Years later, in the 1970s, it was Islamabad that Henry Kissinger went through for his historic visit to China, an attempt to exploit Sin-Soviet mistrust to bring China on to America’s side in the Cold War. It was Pakistan that played a key role in arranging that visit between its two main international partners. The Americans remained careful, however, not to alienate India, and when the two subcontinental rivals fought a war in September 1965, it was Pakistan on whom the US imposed an arms embargo.

Decades on, Pakistan has diversified its defence purchases, strongly backing local production efforts. It now produces its own battle tanks and fighter jets (the JF-17 Thunder, a recently developed aircraft made in conjunction with China, being an example), and has, according to US estimates, doubled its nuclear warhead arsenal.

It has continued, however, to fight as an ally of the US in the so-called ‘War on terror’. Conservative estimates, however, say that it has lost four times as much as it had received, in terms of monetary value, from its American allies. Moreover, while the US has often accused Pakistani officials of playing a ‘double game’ in Afghanistan, Pakistani intelligence officials are now convinced that the CIA has been running operations on Pakistani soil, sometimes against Pakistan itself.

According to intelligence sources, the recent arrest of Raymond Davis, a CIA operative who shot and killed two Pakistanis he says were going to rob him, may be the straw that broke the camel’s back.

Earlier, the CIA’s station chief in Islamabad was outed by as yet unknown sources, with the US being forced to withdraw its top spy from Pakistan after his identity became known. The man who was responsible for much of the CIA’s drone campaign against targets in Pakistan’s tribal areas, which has so far costs hundreds of civilian lives, was forced to flee the country. Even as his plane was airborne, however, Pakistan was receiving Chinese Premier Wen Jiabao on a state visit. On show at a ceremony in his honour was the JF-17 fighter jet, a symbol of the growing partnership between Beijing and Islamabad.

The Americans may not have been happy, but for Pakistan the visit could not have come at a better time.

The US has long supplied Pakistan with F-16 fighters, but the country was never allowed to deploy them along the border with India, for fear it may antagonise the eastern neighbour. In the evolving strategic situation, the US was not just a growing trade partner with India, but was also possibly using the country as a counterweight against China’s rise.

India and China, of course, had their own tensions over territory, and while trade links between the two Asian giants continue to develop, serious differences remain on the geostrategic level.

Pakistan’s relationship with China, though, remains as strong as ever. On his recent visit to the country, Pakistan’s parliament gave Jiabao a standing ovation. This from a legislature that cannot even agree to disagree on most issues!

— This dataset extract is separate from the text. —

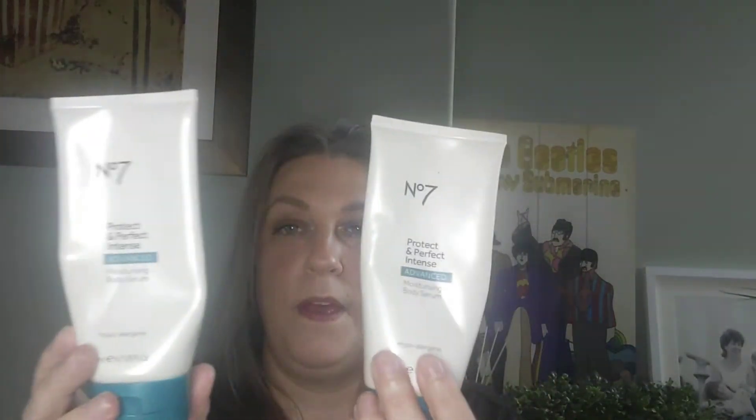One of my absolute favourites — and there are two empties of it — is the Boots No7 Protect and Perfect Intense Advanced moisturising body serum. It gives you new skin. It's not quite enough by itself; I apply it and then maybe half an hour later apply a body cream or body oil on top. It's fantastic — gives you brand new skin. I only ever buy it on offer, like three for two.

Pakistan-US relations, though, have always remained hostage to strategic interests. American aid has come with too many strings attached for Pakistan’s taste, and the Pakistani administration has not taken well to being told how it is allowed to spend the aid it is given. 

Where Washington has been hesitant, Beijing has been generous, offering the country large amounts of aid with comparatively little oversight. The two countries are now reportedly working together on developing a variant of the JF-17 that will be a fifth generation stealth fighter jet.

While relations between Pakistan and the US remain at an all time low, there are no signs that the Americans are going to be packing their bags anytime soon. Then again, these are strange times, when predictions tend to be difficult to make, and things which used to take years to transpire can now happen in months, if not weeks.